Hanover Housing Association
- Founded: 1963
- Type: Housing and services for people aged 55 and over
- Location: Staines-upon-Thames, UK;
- Region served: England, United Kingdom
- Product: Retirement housing; extra care housing; downsizer housing; properties for rent and sale
- Key people: Dr Stuart Burgess MBE (Chair), Dame Clare Tickell (Chief Executive)
- Website: http://www.hanover.org.uk

= Hanover Housing Association =

Hanover Housing Association was a British registered social landlord (RSL) and a not for profit exempt charity registered as an industrial and provident society, number 16324R, up until November 2018, when the Association merged with Anchor to form Anchor Hanover Group.

== History ==
Hanover Housing Association was formed in 1963 and was named after Hanover Gate, the West Gate into London's Regent's Park, where the first Board meetings of the Association were held.
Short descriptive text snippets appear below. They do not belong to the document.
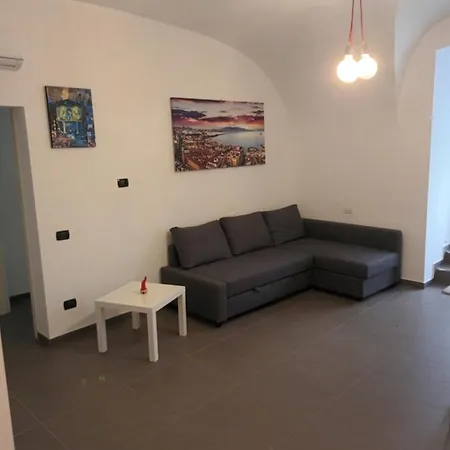 Casa Pitloo Napels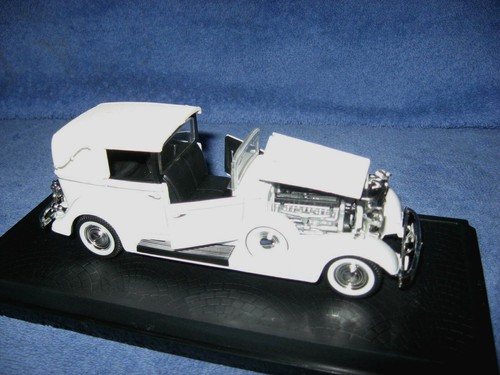 1933 CADILLAC TOWN CAR 1:32 SIGNATURE OPENING HOOD DOORS TRUNK W/ STAND - Picture 8 of 8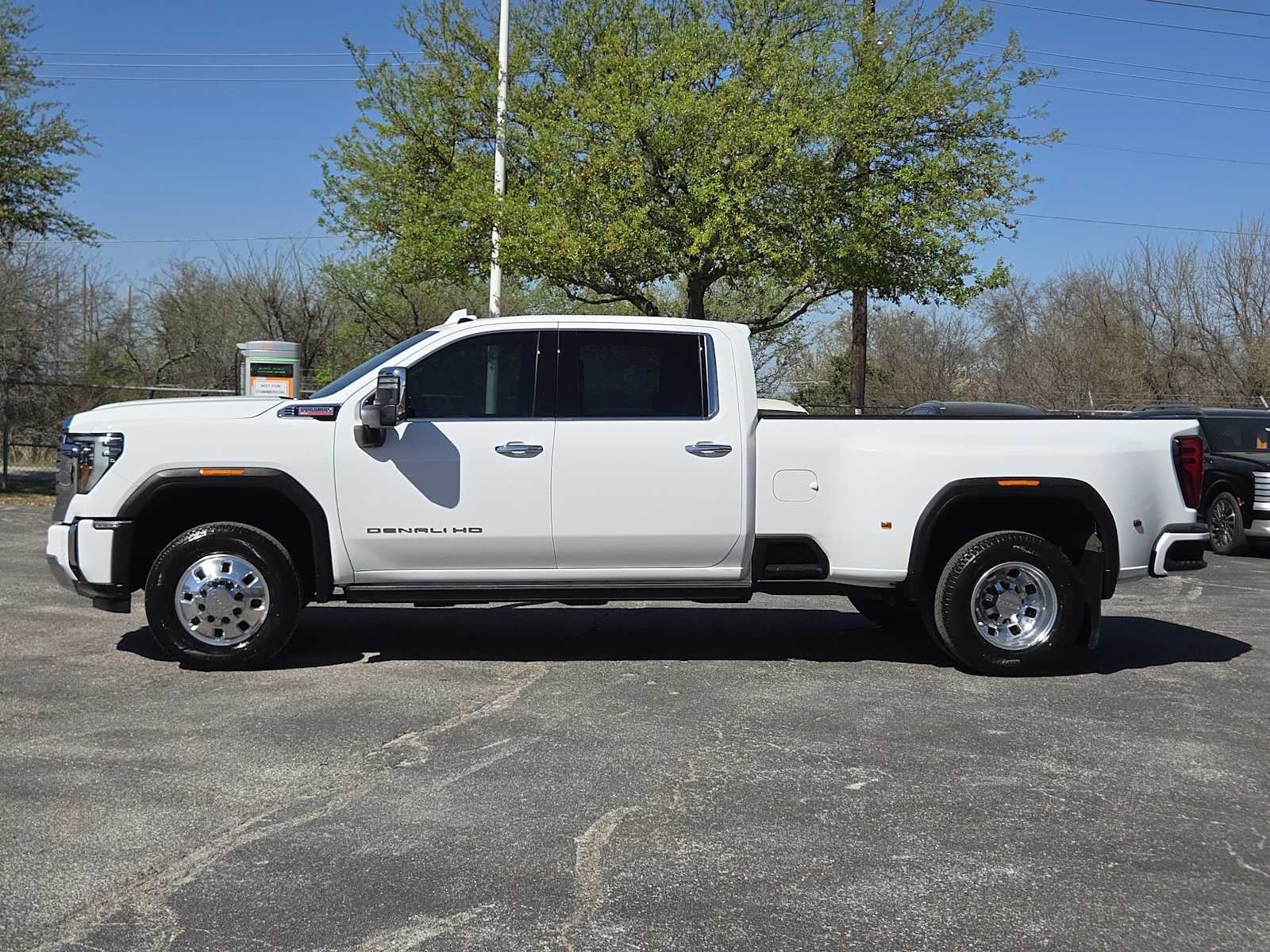 2025 GMC Sierra 3500 HD Denali DRW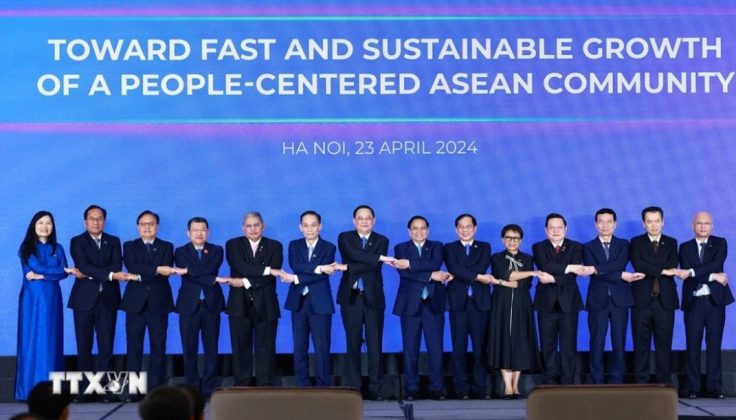 Thủ tướng Phạm Minh Chính và Thủ tướng Lào Sonexay Siphandone cùng trưởng đoàn các nước ASEAN tham dự Diễn đàn Tương lai ASEAN 2024.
The Association managed almost 19,000 mixed tenure Retirement and Extra Care properties on more than 600 estates.

The proposed merger of Hanover Housing Association and Anchor was announced in May 2018, and was completed successfully later the same year, creating Anchor Hanover Group.

Dr Stuart Burgess CBE was Chairman of the Association and Clare Tickell was the Chief Executive until the merger with Anchor.